──────── Information supplied ────────

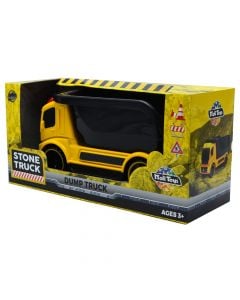 Kamion lodër për fëmijë, plastikë, 15x20x40 cm, e verdhë dhe e zezë, 1 copë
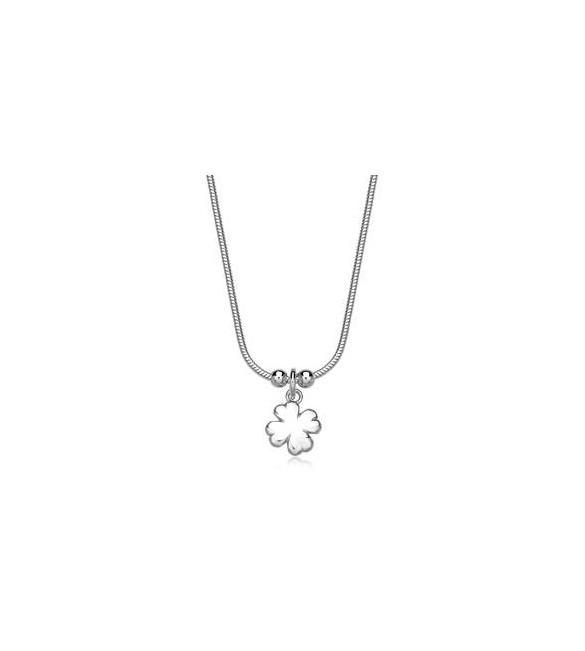 Collana Gioielli Sagapò Click in acciaio con Quadrifoglio SCK282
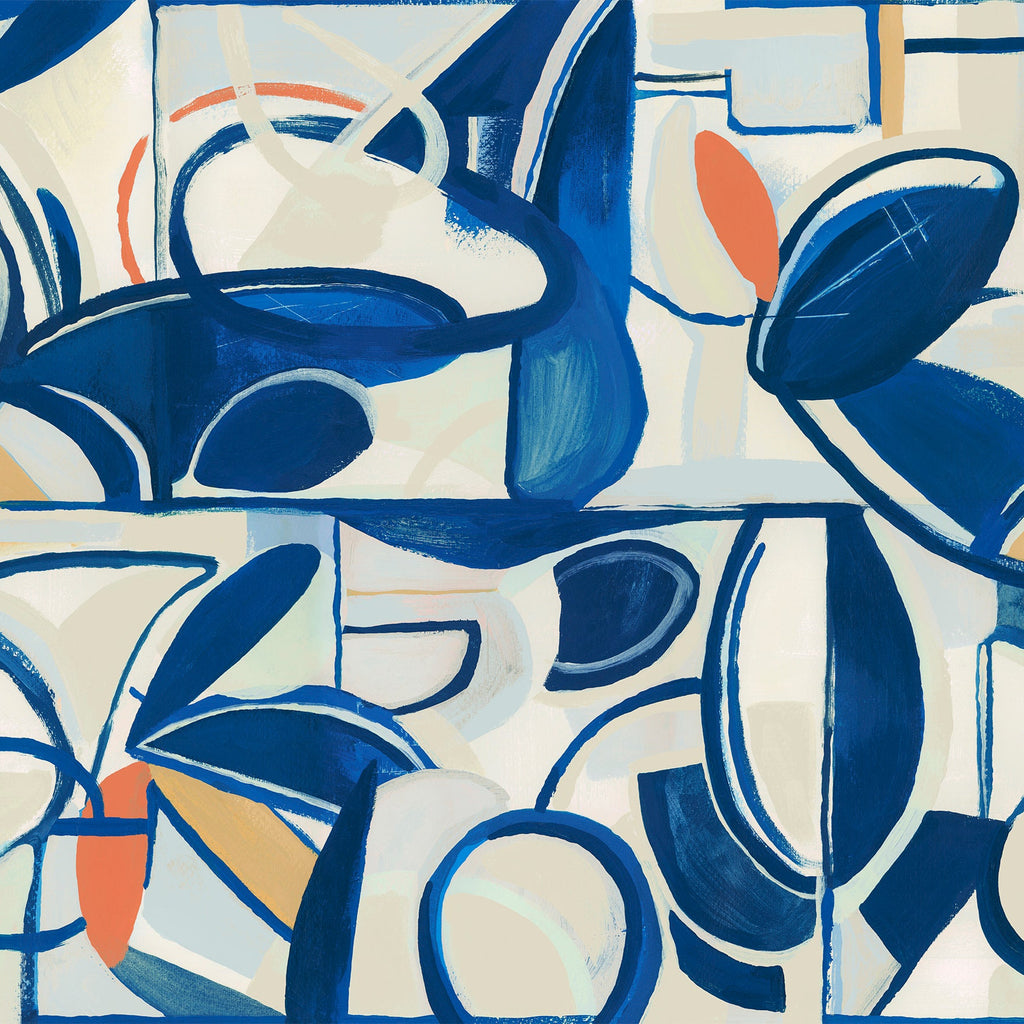 Behangstaal Tres Tintas - Giant Abstract - White & Blue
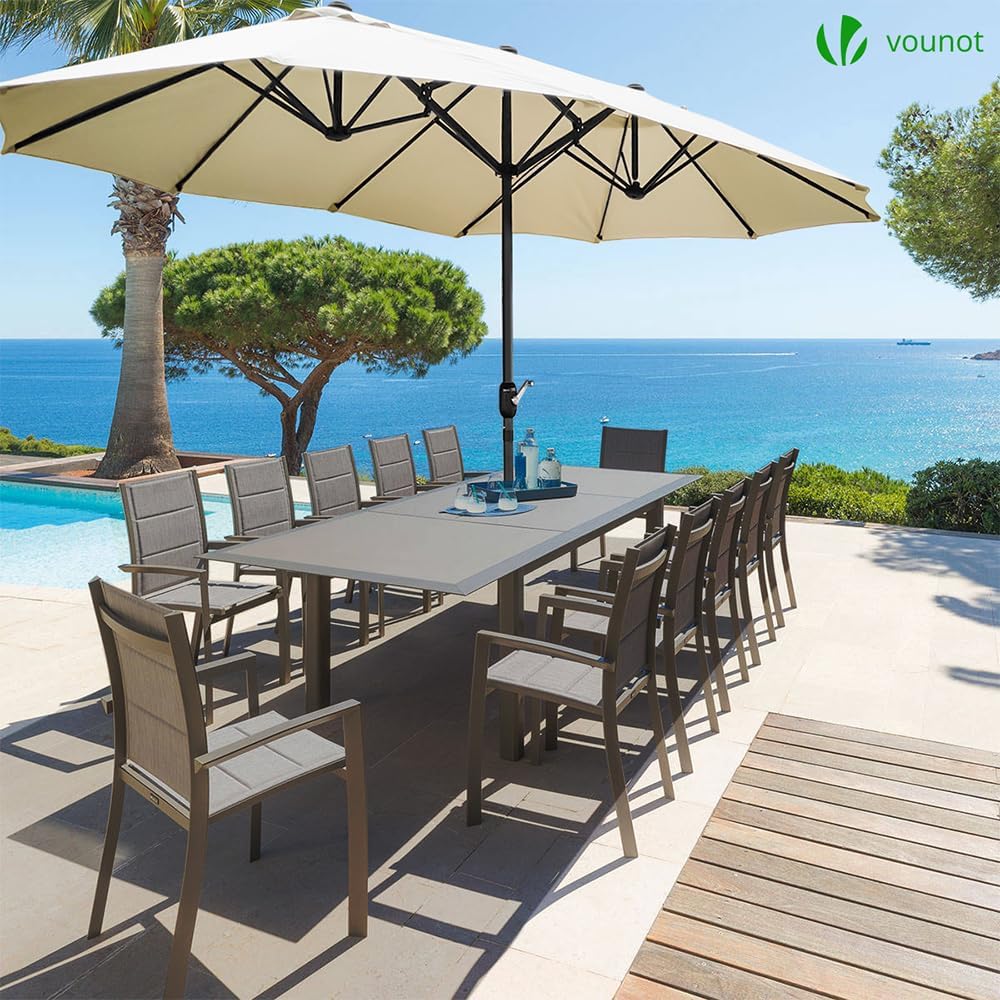 VOUNOT Doppelsonnenschirm mit Handkurbel, Sonnenschirm Marktschirm Gartenschirm Terrassenschirm, Sonnenschutz, 460 x 270 cm, Beige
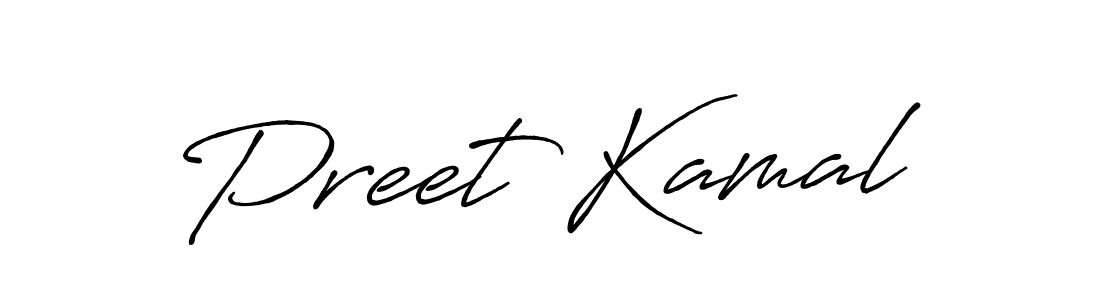 How to make Preet Kamal name signature. Use Antro_Vectra_Bolder style for creating short signs online. This is the latest handwritten sign. Preet Kamal signature style 7 images and pictures png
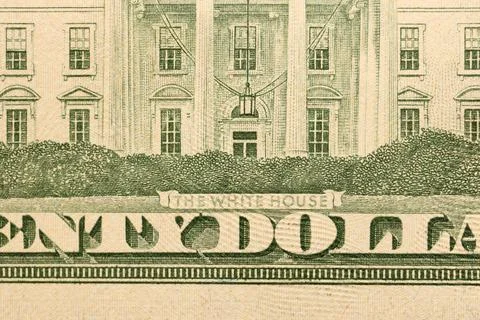 Macro shot with part of 20 US dollars bill. Twenty dollars banknote close u.. Stock Illustration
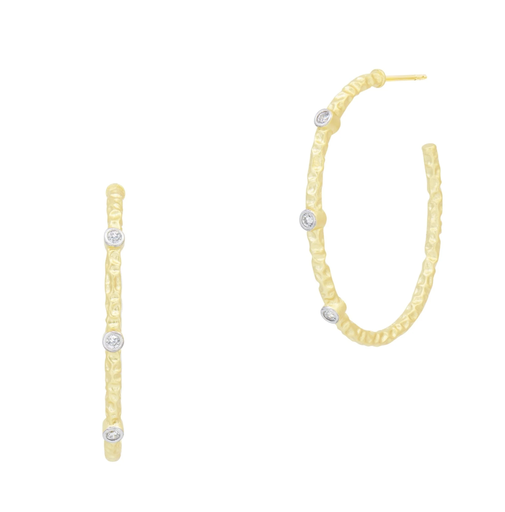 [FEAR.00079867] Streets in Bloom Textured Hoop Earrings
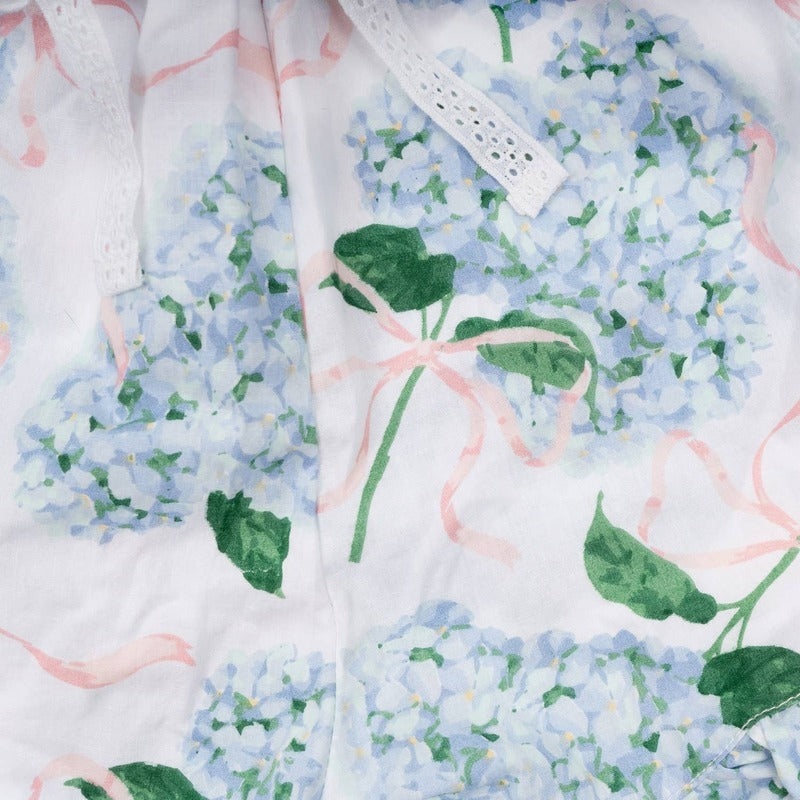 8 Oak Lane Hydrangea Ribbons Tie Top Ruffle Sleep Set with blue floral and pink ribbon print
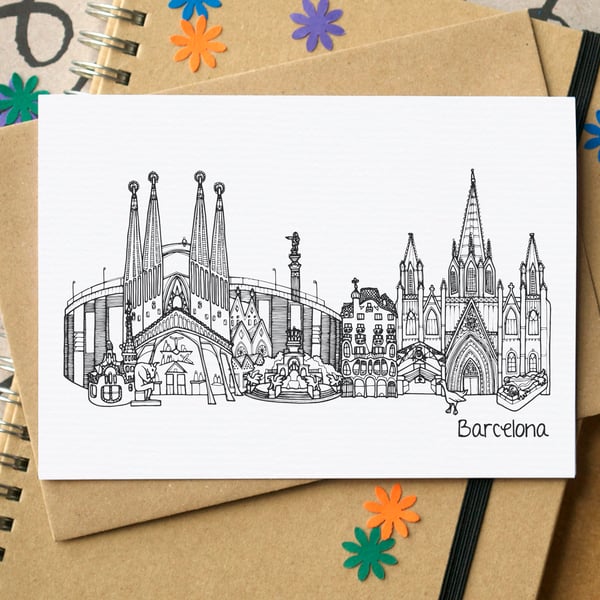 Barcelona Skyline Greetings Card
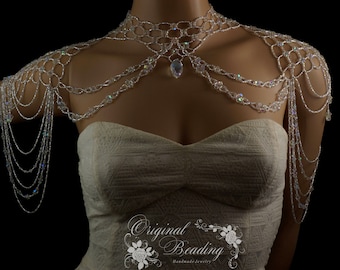 Celestial crystal silver Czech glass beaded bridal shoulder necklace. vintage crystal statement shoulder necklace. bridal body jewelry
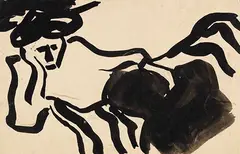 Liegende im schwarzen Rock by Karl Schmidt-Rottluff, 1910, India Ink and brush over pencil on postcard, sold Jun 2023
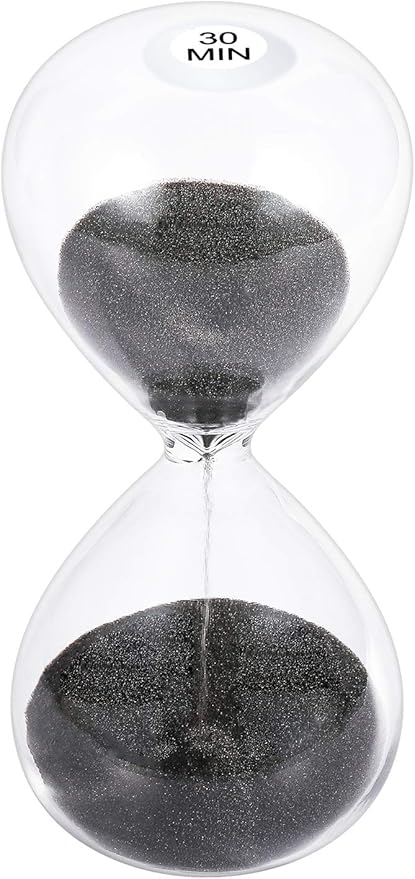 SuLiao Hourglass 30 Minute Sand Timer: 5.1 Inch Black Sand Clock, Extra Reloj De Arena, Unity Hour Glass Sandglass for Kids, Games, Classroom, Home, Desk, Office Decoration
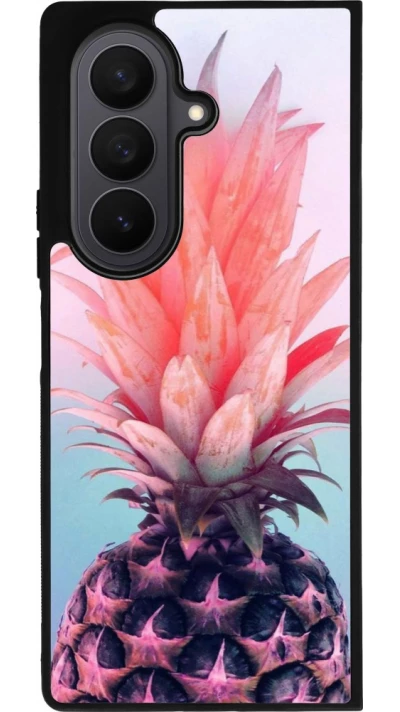 Samsung Galaxy Z Fold7 Case Hülle - Silikon schwarz Purple Pink Pineapple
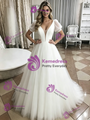 White Tulle V-Neck Puff Sleeve Wedding Dress
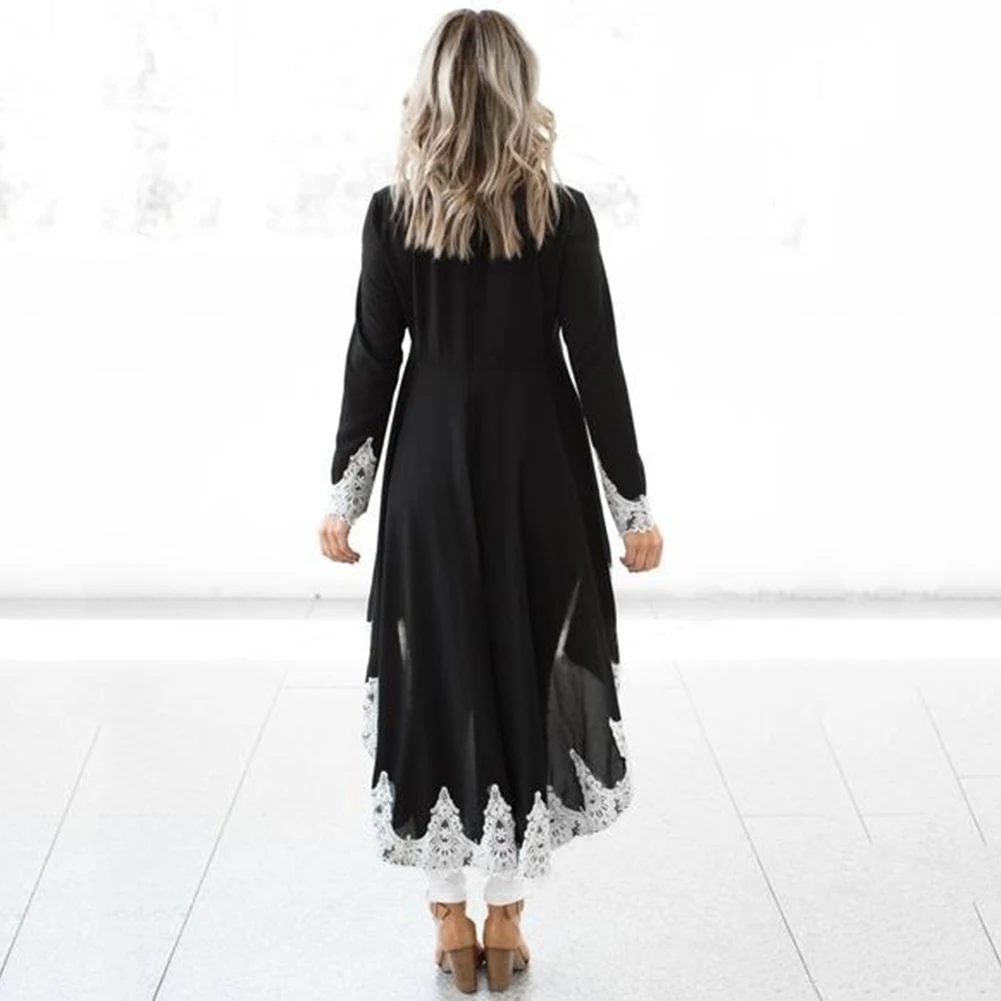 Женское платье с асимметричным цветочным подолом длинным рукавом в стиле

────────

**About this exercise**.
The answer should consist only of the lines above from the one with "Macro shot with" through the one with "White Tulle V-Neck Puff Sleeve Wedding Dress", repeated exactly, with no pictures among them.

**Answer section**.
 Macro shot with part of 20 US dollars bill. Twenty dollars banknote close u.. Stock Illustration
 [FEAR.00079867] Streets in Bloom Textured Hoop Earrings
 8 Oak Lane Hydrangea Ribbons Tie Top Ruffle Sleep Set with blue floral and pink ribbon print
 Barcelona Skyline Greetings Card
 Celestial crystal silver Czech glass beaded bridal shoulder necklace. vintage crystal statement shoulder necklace. bridal body jewelry
 Liegende im schwarzen Rock by Karl Schmidt-Rottluff, 1910, India Ink and brush over pencil on postcard, sold Jun 2023
 SuLiao Hourglass 30 Minute Sand Timer: 5.1 Inch Black Sand Clock, Extra Reloj De Arena, Unity Hour Glass Sandglass for Kids, Games, Classroom, Home, Desk, Office Decoration
 Samsung Galaxy Z Fold7 Case Hülle - Silikon schwarz Purple Pink Pineapple
 White Tulle V-Neck Puff Sleeve Wedding Dress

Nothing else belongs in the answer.